* REQUIRED WORK: Reproduce all of the data exactly. Images are not to appear in the reply.

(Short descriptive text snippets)
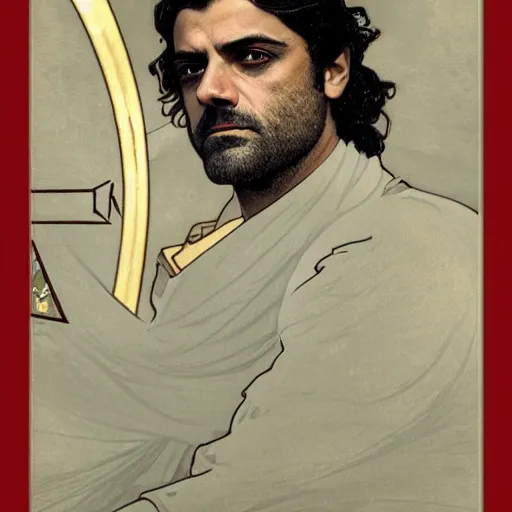 Image similar to oscar isaac portrait by louis - theophile hingre and alphonse mucha, realistic, sharp focus, zodiac signs, tarot cards, planets, ethereal, art nouveau, magic, moon, sun, crown, dreamy, royal, jewellery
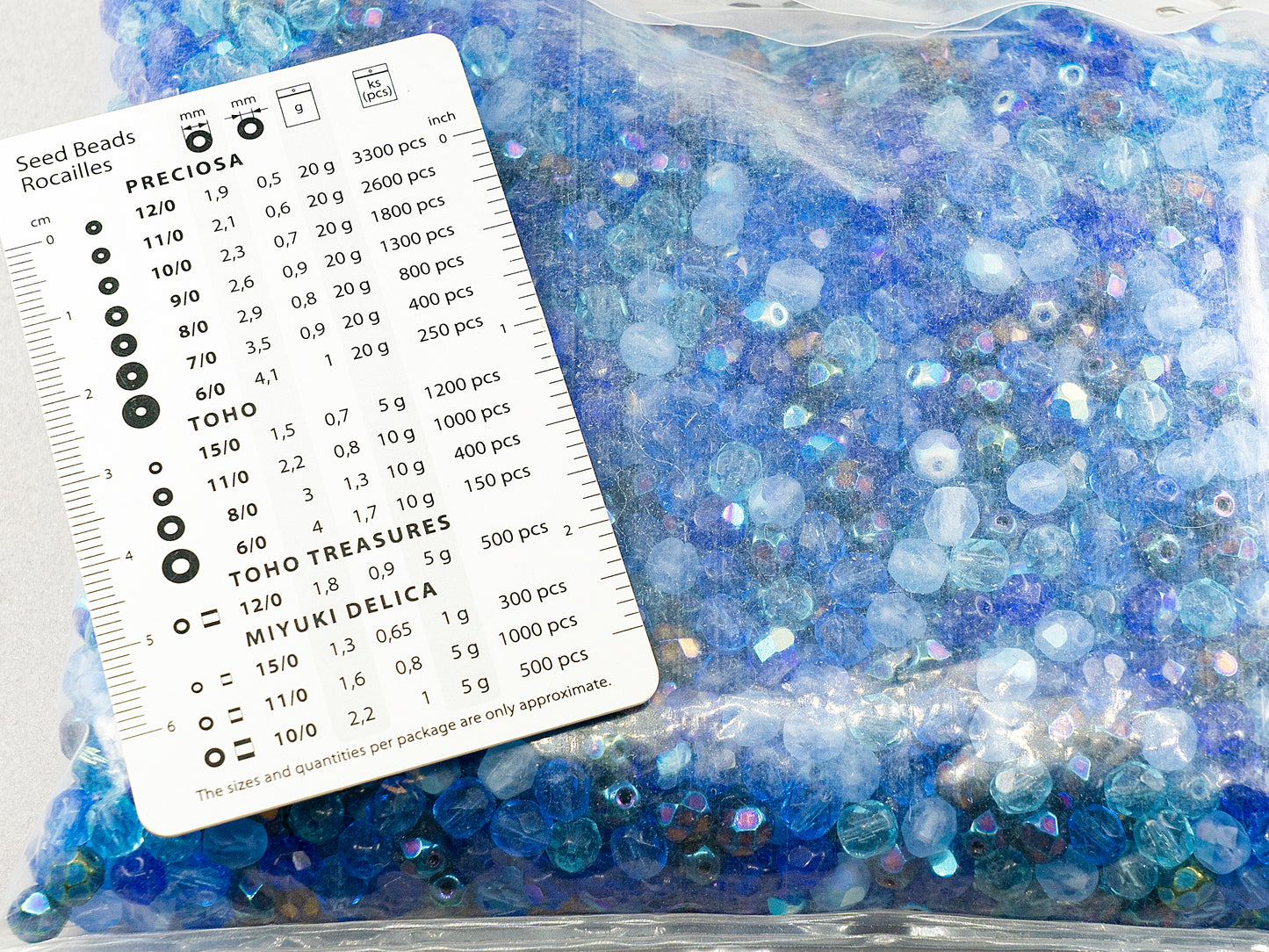 アウトレット 250g ラウンド ファイアポリッシュ ファセットビーズ 8 x 8 mm ミックスカラー ブルー (ミックスブルー) ガラス チェコ共和国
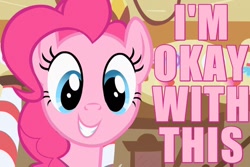 Size: 750x500 | Tagged: safe, screencap, character:pinkie pie, episode:baby cakes, g4, my little pony: friendship is magic, caption, happy, i'm okay with this, image macro, meme, pink text, reaction image, smiling, solo
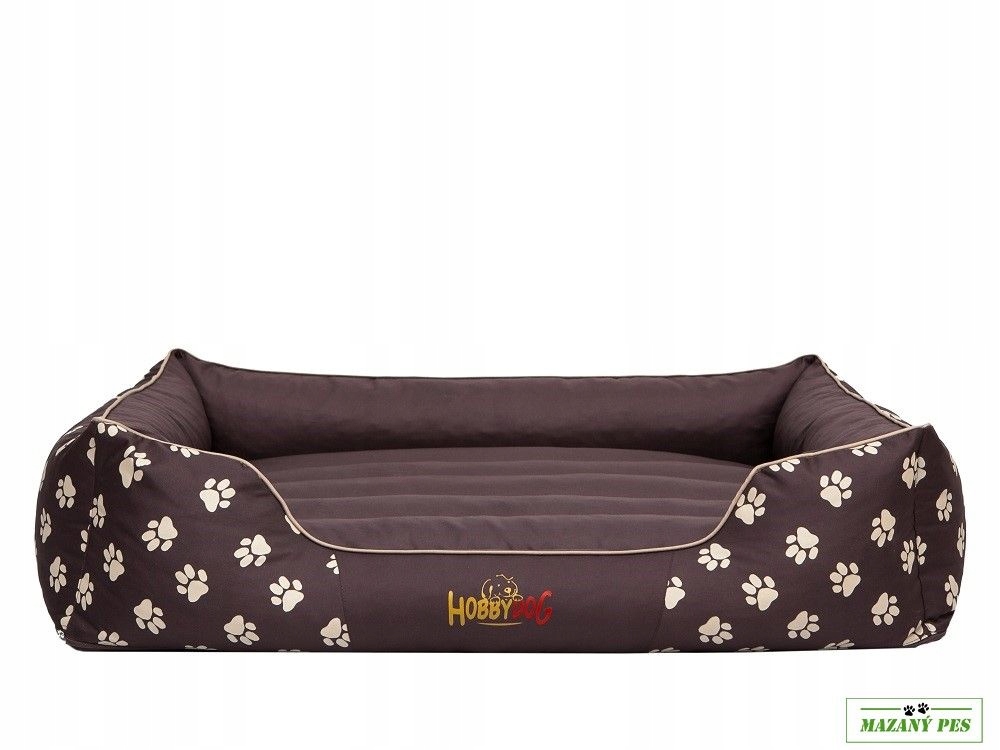 Levně Hobby Dog Pelíšek pro psa Prestige hnědý vzor tlapky Velikost L -65 x 50 cm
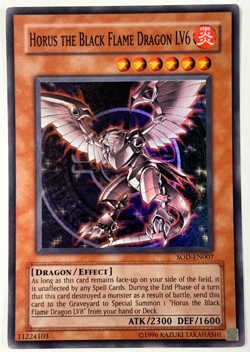 Yugioh SOD-EN007 Horus the Black Flame Dragon LV6 Super Rare NM Vintage - Image 1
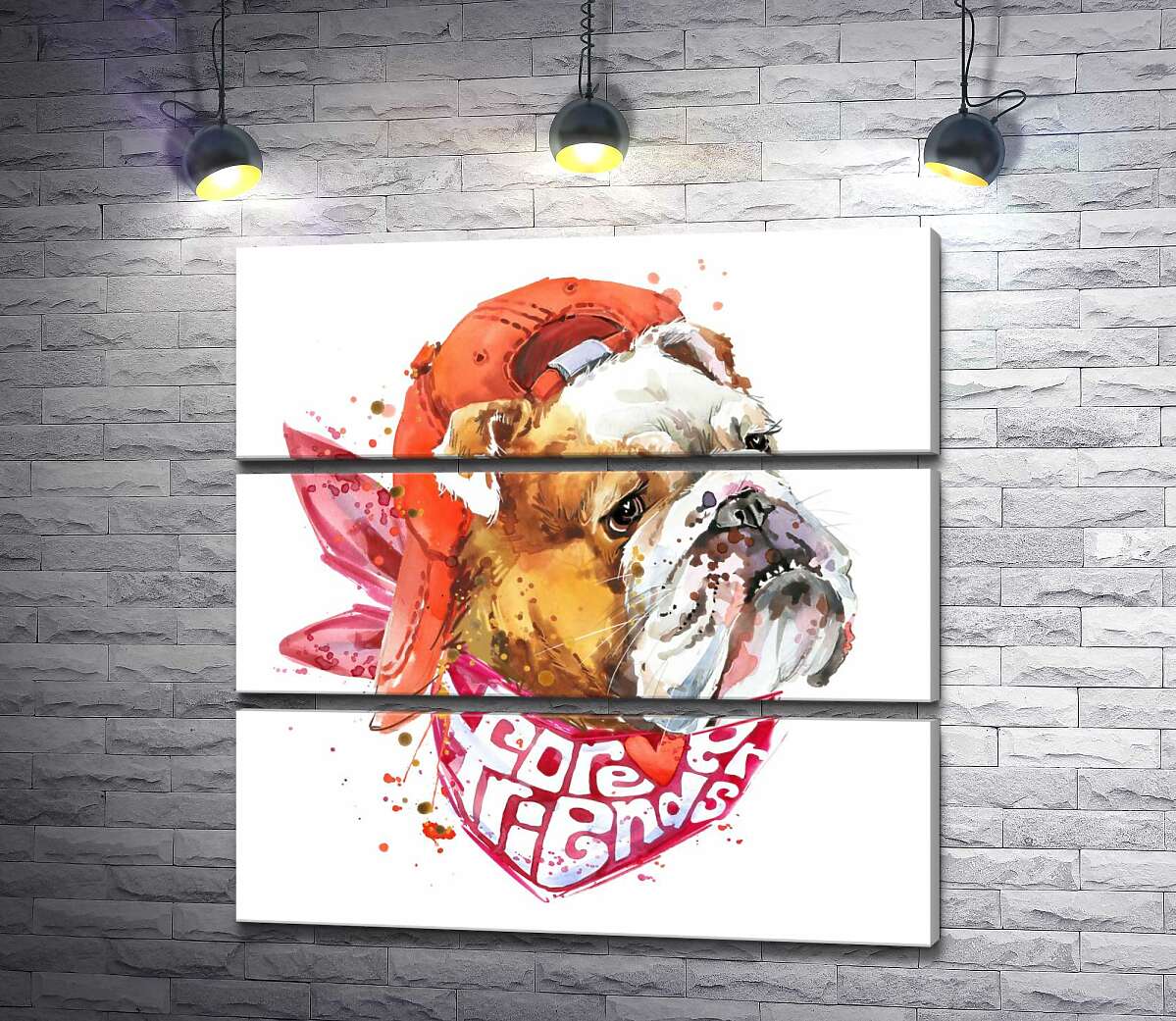 Модульная картина ArtPoster Английский бульдог в красной кепке и платке с надписью "forever friends" 100x102 см Модуль №13
Модульная картина ArtPoster Английский бульдог в красной кепке и платке с надписью "forever friends" 100x102 см Модуль №13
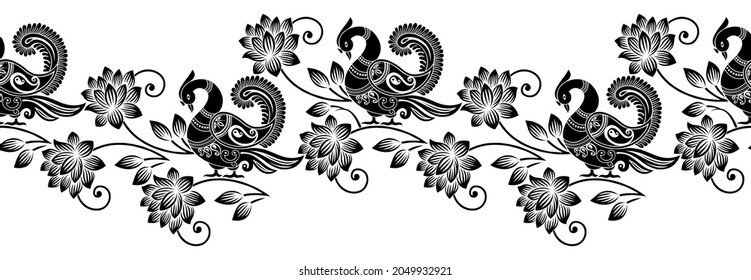 Seamless Black And White Traditional Asian Peacock Border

* WRITTEN REPLY:
 Image similar to oscar isaac portrait by louis - theophile hingre and alphonse mucha, realistic, sharp focus, zodiac signs, tarot cards, planets, ethereal, art nouveau, magic, moon, sun, crown, dreamy, royal, jewellery
 アウトレット 250g ラウンド ファイアポリッシュ ファセットビーズ 8 x 8 mm ミックスカラー ブルー (ミックスブルー) ガラス チェコ共和国
 Size: 750x500 | Tagged: safe, screencap, character:pinkie pie, episode:baby cakes, g4, my little pony: friendship is magic, caption, happy, i'm okay with this, image macro, meme, pink text, reaction image, smiling, solo
 Levně Hobby Dog Pelíšek pro psa Prestige hnědý vzor tlapky Velikost L -65 x 50 cm
 Yugioh SOD-EN007 Horus the Black Flame Dragon LV6 Super Rare NM Vintage - Image 1
 Модульная картина ArtPoster Английский бульдог в красной кепке и платке с надписью "forever friends" 100x102 см Модуль №13
Модульная картина ArtPoster Английский бульдог в красной кепке и платке с надписью "forever friends" 100x102 см Модуль №13
 Seamless Black And White Traditional Asian Peacock Border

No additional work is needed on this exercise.